2024.7.13
今日も大阪市天王寺区(大阪上本町・谷町九丁目)の事務所で、交通事故被害者からの受任事務を処理しています。
今年の1月6日、「むち打ち症以外の原因による局部の神経症状と労働能力喪失期間」と題する投稿を行いました。
https://the-law-office.jp/blog/1926/
この記事後半において、「基本的に、期間制限を行うのは、いわゆるむち打ち症等以外の場合においては、例外的なものであるという認識をベースに、慎重に検討されるべきではないかと、特に12級13号が認定される場合については考えています。」と書きましたが、今回は、14級9号の事案でありながら、また相対の交渉のみにより、労働能力喪失期間を18年間(平均余命の2分の1)とする内容での解決ができました。
鎖骨及び肩甲骨の骨折で鎖骨について手術を行った事案であるため、期間制限については、個人的には抵抗が大きかったです。

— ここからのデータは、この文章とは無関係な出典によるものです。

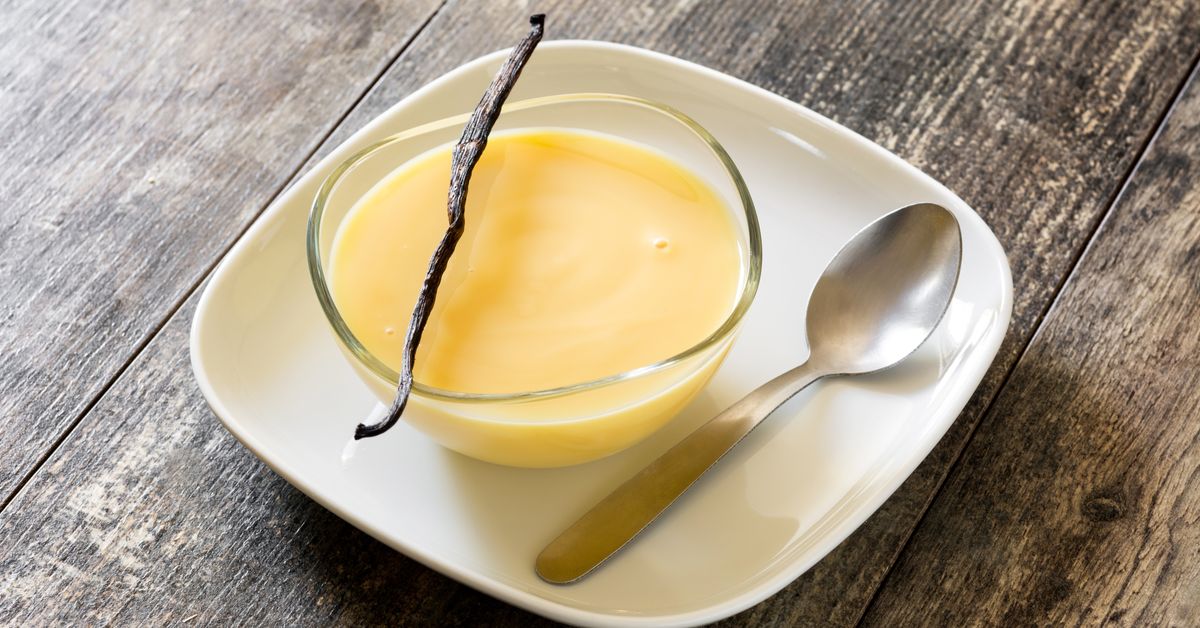 Crème anglaise réussie onctueuse à souhait au Cookeo : recette de Crème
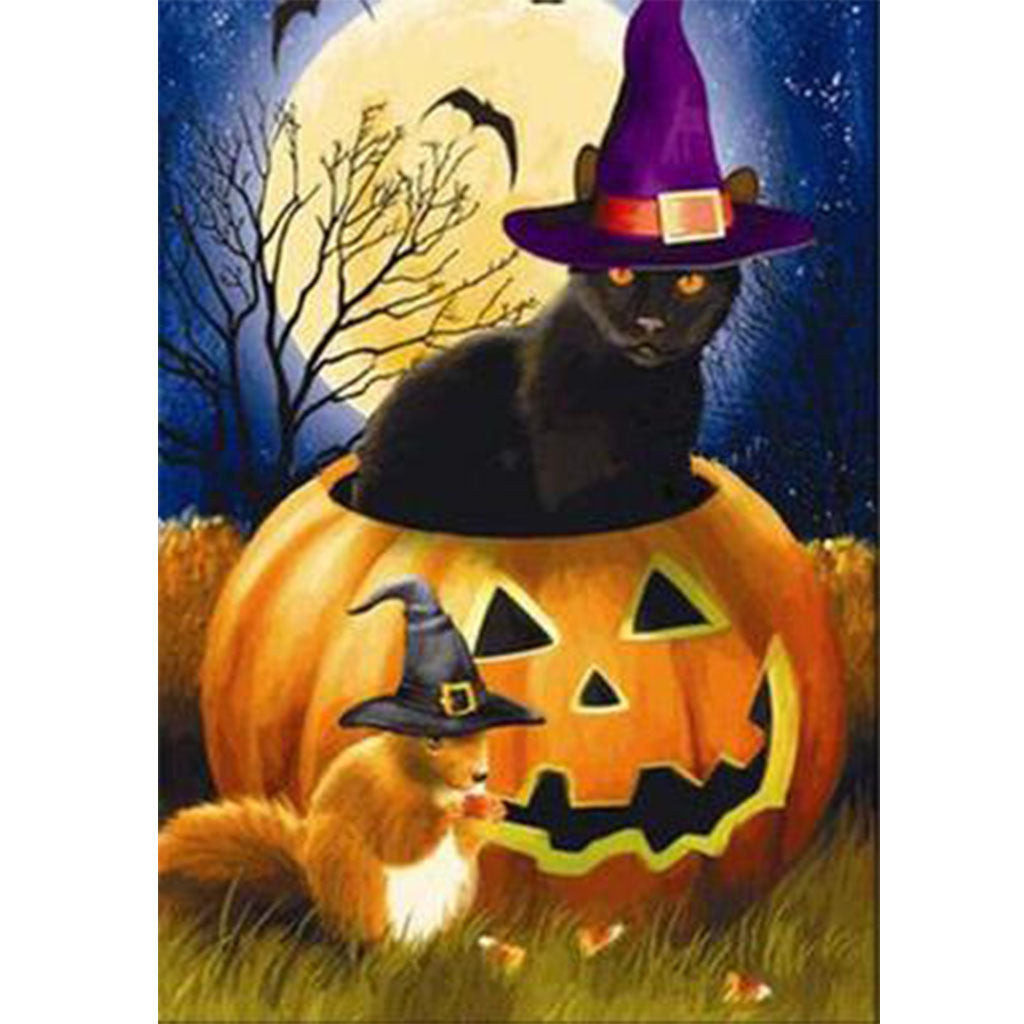 Halloween Series Skull 5d Diamond Decorative Painting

他方、症状固定後の減収もなく、給与取得者としての小売店の店員という職業上、将来的な減収の蓋然性というものも、例えば大工さん等と比較すると弱いものとなるでしょう。
1枚限りの強いカードである、受傷内容の強さだけでどれだけ押し切れるのか、という事案でした。

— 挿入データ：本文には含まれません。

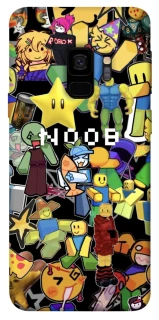 Чехол на Samsung Galaxy S9 Roblox Noob фото 1 из 1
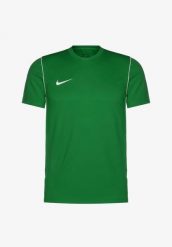 Koszulka treningowa męska Nike Park 20. Zielone t-shirty sportowe męskie Nike, m, z dzianiny, bez ramiączek, na fitness i siłownię, dri-fit (nike). Za 128.00 zł.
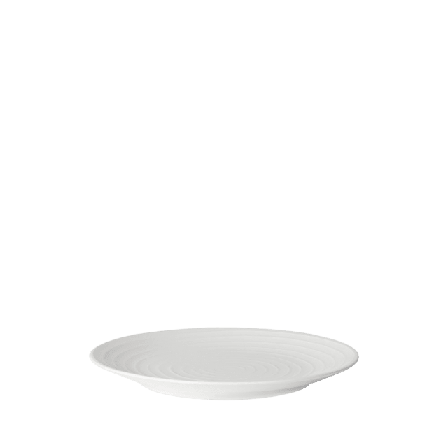 Design House Stockholm Assiett Rand Blond 22cm Skålar Vit ONESIZE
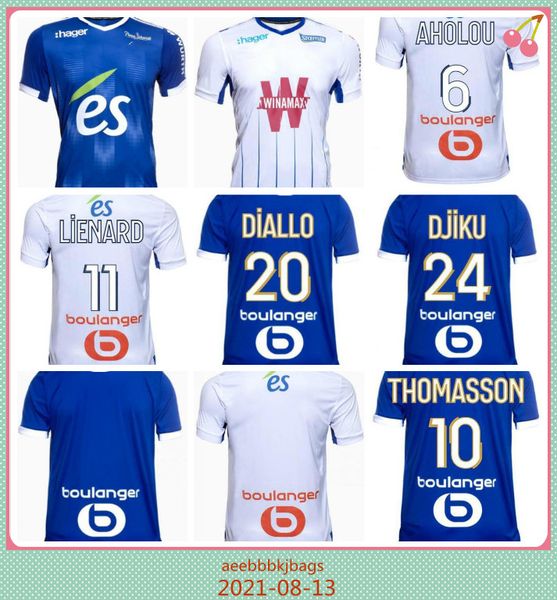 21 22 maillots rc strasbourg alsace soccer jerseys gameiro 2021 2022 football shirts djiku thomasson kits lala mothiba sissoko jersey, Black;yellow
21 22 maillots rc strasbourg alsace soccer jerseys gameiro 2021 2022 football shirts djiku thomasson kits lala mothiba sissoko jersey, Black;yellow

1月投稿の引用記事の終盤に、「被害者側の弁護士の多くがそう思えば、裁判例の傾向もそうなっていき、その結果更にそのような思い込みが強化されることになるというのが、現実でしょう。リアリズムの悲しいところではあります。」と書きました。しかし、請求側の弁護士が賠償のルールを正確に読み、尊重して、曲げずに活用することにより、相手や裁判官を説得することが、結果を大きく変えることはあります。
1月投稿の引用記事を読まれて、「やはり、むち打ち以外で期間制限というのは、賠償基準の文理とは違うよね。」と思われた弁護士の方に、この解決内容を知っていただきたく、投稿することにした次第です。